B. The Department of Justice's Interpretation of Standard 4.33.3 is Not "Final Agency Action" Subject to Judicial Review Under the Administrative Procedure Act
"A final agency action is one that imposes an obligation, denies a right, or fixes a legal relationship." Veldhoen, 35 F.3d at 225; Dow Chemical v. United States EPA, 832 F.2d 319, 323 (5th Cir. 1987); see also Bennett v. Spear, 520 U.S. 154, 177-78 (1997). The "action" that Cinemark challenges in this litigation is the Department of Justice's interpretation of its own regulation. See Pl.'s First Am. Compl. ¶ 3. That interpretation was developed and put forward as part of the Department's responsibility to enforce the ADA, but it has not been codified, nor has it resulted in any legal consequences for anyone, let alone Cinemark. As a result, the Administrative Procedure Act does not provide a means to challenge it.(3)
An extended analysis of Dow is worthwhile because that case involved facts strikingly similar to those here -- a procedural and substantive challenge to an agency's efforts to enforce a statute and regulations entrusted to it. Specifically, Dow challenged the EPA's interpretation of its own regulation regarding the meaning of "discharges," an interpretation which had been disclosed and applied to Dow in the context of an investigation of Dow's alleged discharges of vinyl chloride gas. Subsequent to Dow's filing its lawsuit, the EPA filed a complaint in a pending enforcement action against Dow in which, relying on its interpretation of its regulation, it asked a court to order Dow to comply with its regulation as interpreted, and order civil penalties.
The Court dismissed Dow's claim, finding that EPA had not taken any steps that could be characterized as final agency action. The Court first held that EPA's interpretation of its discharge regulation, just like the Department of Justice's interpretation of Standard 4.33.3,
is "final" only in the sense that no one at the agency currently plans to revise it. The same could be said for countless other instances of legal "interpretation" that inevitably occur. . . . When these interpretations do not establish new rights or duties -- when they do not fix a legal relationship -- they do not constitute "final action" by the agency and they are not reviewable. . . .
Dow, 832 F.2d at 323-24. The Court reached this holding despite recognizing that Dow might eventually be penalized for failing to abide by the discharge regulation as interpreted by EPA. "But the legal source for these [penalties] -- if indeed the district court concludes they are warranted -- will be [the regulation], and not any later EPA interpretation of that regulation." Id. at 323; see also Orengo Caraballo v. Reich, 11 F.3d 186, 195 (D.C. Cir. 1993) (interpretive statement in context of adjudication not intended to create new rights or duties).

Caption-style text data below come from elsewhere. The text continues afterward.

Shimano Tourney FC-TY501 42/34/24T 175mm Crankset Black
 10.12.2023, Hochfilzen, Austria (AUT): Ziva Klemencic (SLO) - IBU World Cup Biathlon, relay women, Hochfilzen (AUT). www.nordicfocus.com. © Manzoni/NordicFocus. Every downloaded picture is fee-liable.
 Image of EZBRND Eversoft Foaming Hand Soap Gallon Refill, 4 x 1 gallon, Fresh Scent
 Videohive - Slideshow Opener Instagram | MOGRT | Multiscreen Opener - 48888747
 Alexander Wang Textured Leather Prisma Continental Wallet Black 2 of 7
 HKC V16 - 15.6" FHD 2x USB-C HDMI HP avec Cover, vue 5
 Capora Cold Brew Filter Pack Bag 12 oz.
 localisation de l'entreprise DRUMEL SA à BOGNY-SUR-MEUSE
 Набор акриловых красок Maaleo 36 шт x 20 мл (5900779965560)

The same result is mandated in this case. As the Department of Justice has interpreted Standard 4.33.3 -- specifically the phrase "lines of sight comparable to those for members of the general public" in that regulation -- Cinemark's practice of placing wheelchair seating in the front of its stadium-style theaters, outside the stadium portion, does not comply with the regulation. But it is the regulation itself, and not the Department of Justice's interpretation of it, that imposes the duty to provide wheelchair users with "comparable" seating. Indeed, the Department of Justice has issued no order requiring Cinemark to comply with its interpretation (nor does the ADA authorize the Department to compel action), and can impose no penalty on Cinemark for failing to comply with its interpretation absent a court order. The interpretation therefore does not have "the status of law with penalties for noncompliance," and is not final agency action. Taylor-Callahan-Coleman, 948 F.2d at 959; see also Resident Council, 980 F.2d at 1056 (HUD interpretation of statute not final because does not have status of law).(4)
The fact that the Department of Justice has now filed an enforcement action based on an application of Standard 4.33.3 to Cinemark's stadium-style theaters does not change the finality analysis. This exact situation arose in Dow, and the Fifth Circuit expressly held that the filing of an enforcement suit by an administrative agency responsible for enforcement of a statute is not final agency action. Dow, 832 F.2d at 325. While Cinemark will now have the "obligation" to defend itself in litigation, that "obligation" is "different in kind and legal effect" from the burdens imposed by final agency action. Id. (quoting FTC v. Standard Oil, 449 U.S. 232, 242 (1980)).
The Fifth Circuit's decision in Dow is consistent with the
pragmatic approach courts employ to assess finality. FTC v. Standard Oil, 449 U.S. 232, 239 (1980); Taylor-Callahan-Coleman, 948 F.2d at 957. Administrative agencies continually engage in enforcement efforts, often relying on their own interpretations of statutes and regulations entrusted to their administration. See, e.g., American Mining Congress v. Mine Safety & Health Admin., 995 F.2d 1106, 1111-12 (D.C. Cir. 1993). To allow a defendant to preempt an enforcement action through a procedural challenge would significantly hinder agency enforcement efforts. As the Supreme Court put it, it is not the purpose of judicial review provisions to turn prosecutor into defendant. Standard Oil, 449 U.S. at 243; see also Kenneth C. Davis & Richard J. Pierce, Jr., Administrative Law Treatise, § 15.15 at 391 (3d ed. 1994) ("[c]ourts cannot possibly get into the business of reviewing . . . announcements of major investigations or enforcement actions").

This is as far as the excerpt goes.